Stored data -
__________________________________________________

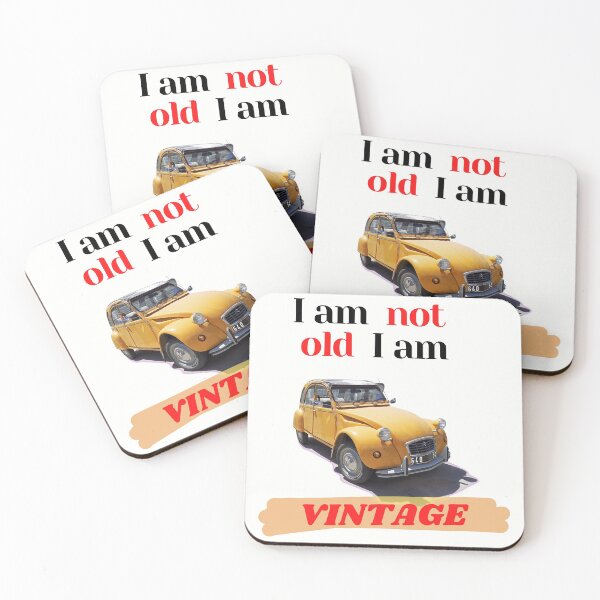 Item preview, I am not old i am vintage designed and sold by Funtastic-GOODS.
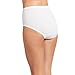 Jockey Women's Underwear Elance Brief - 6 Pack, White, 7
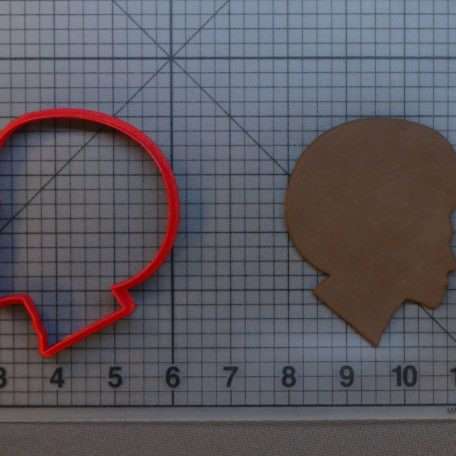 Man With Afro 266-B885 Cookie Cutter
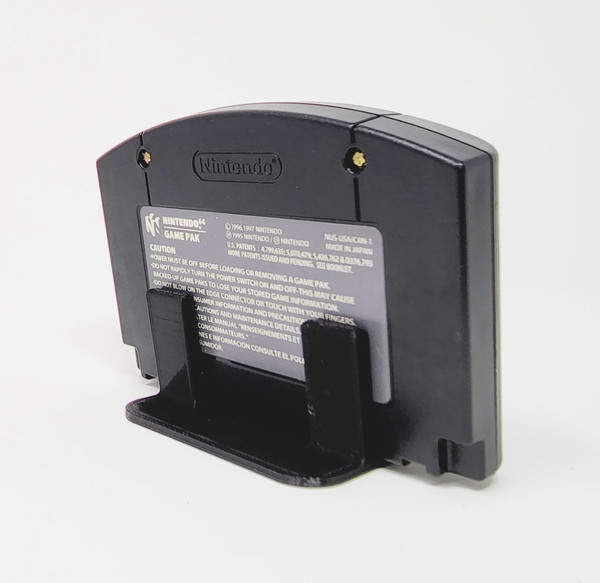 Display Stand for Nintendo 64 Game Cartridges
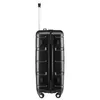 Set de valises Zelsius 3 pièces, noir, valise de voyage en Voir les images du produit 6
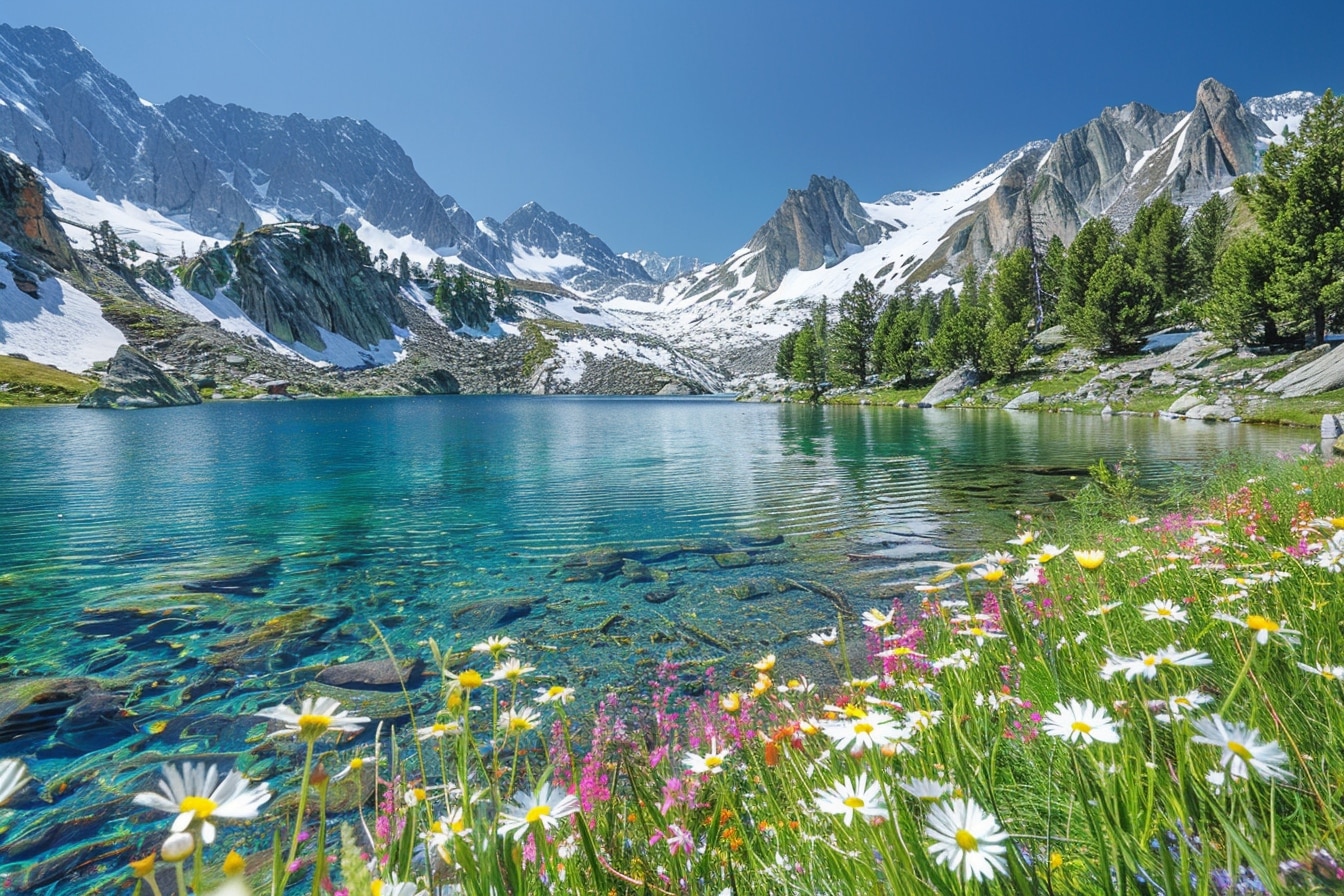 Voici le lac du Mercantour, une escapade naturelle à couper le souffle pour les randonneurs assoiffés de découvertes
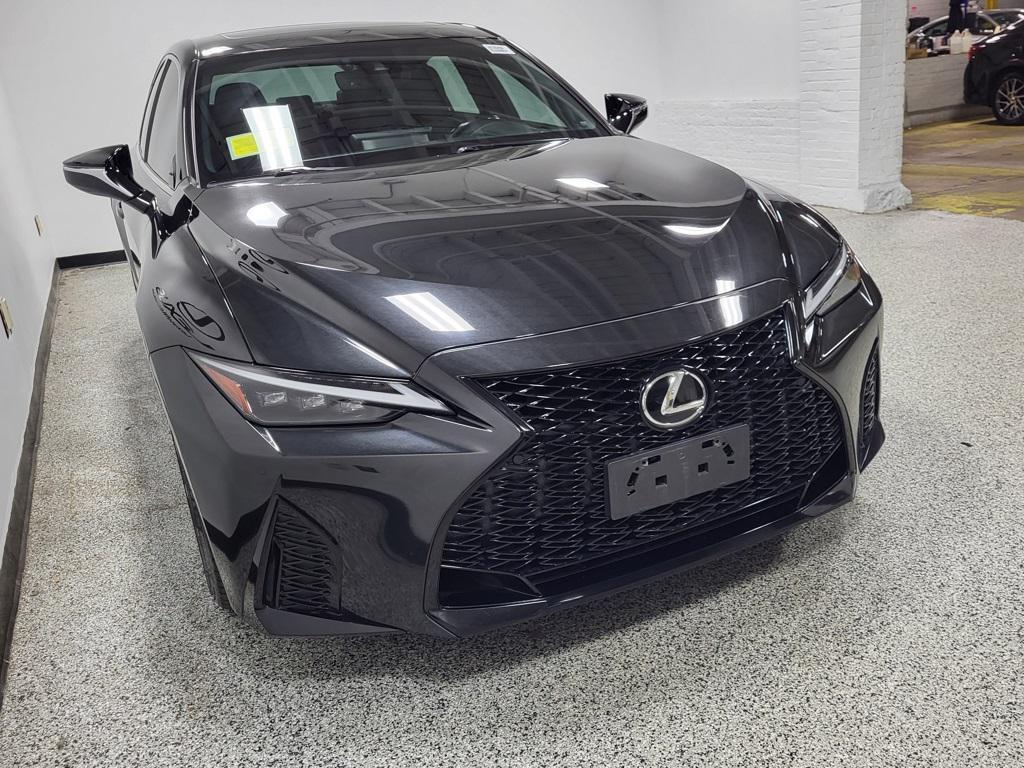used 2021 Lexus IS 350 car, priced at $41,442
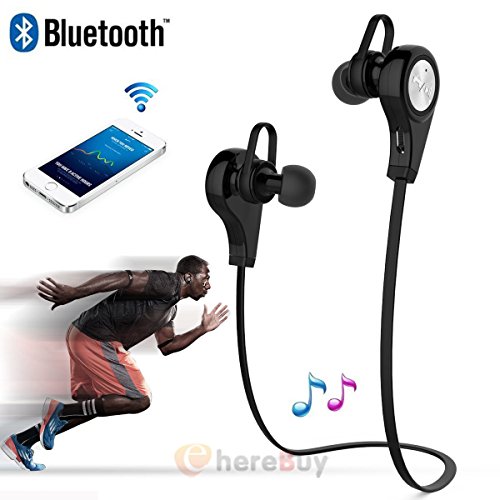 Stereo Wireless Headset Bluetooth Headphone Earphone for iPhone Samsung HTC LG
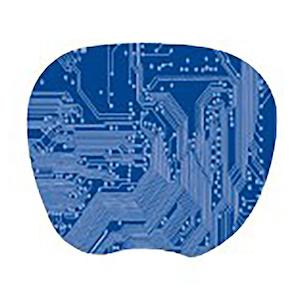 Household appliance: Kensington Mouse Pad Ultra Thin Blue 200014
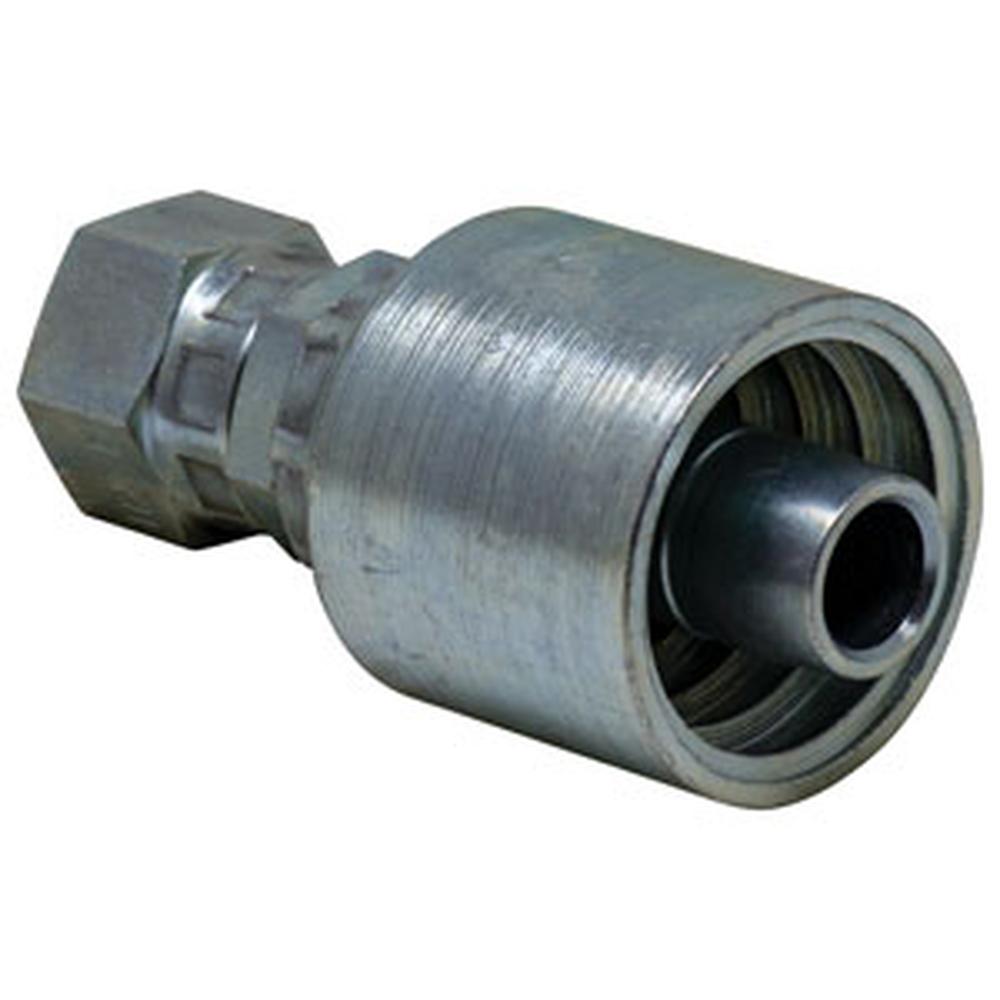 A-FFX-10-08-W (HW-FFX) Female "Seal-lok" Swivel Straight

__________________________________________________

What the task requires -
Could you write out verbatim only those lines that run from the line containing "Man With Afro 266-B885 Cookie Cutter" through the end of the listing above, both included, without the pictures?

Response to this exercise -
 Man With Afro 266-B885 Cookie Cutter
 Display Stand for Nintendo 64 Game Cartridges
 Set de valises Zelsius 3 pièces, noir, valise de voyage en Voir les images du produit 6
 Voici le lac du Mercantour, une escapade naturelle à couper le souffle pour les randonneurs assoiffés de découvertes
used 2021 Lexus IS 350 car, priced at $41,442
 Stereo Wireless Headset Bluetooth Headphone Earphone for iPhone Samsung HTC LG
 Household appliance: Kensington Mouse Pad Ultra Thin Blue 200014
 A-FFX-10-08-W (HW-FFX) Female "Seal-lok" Swivel Straight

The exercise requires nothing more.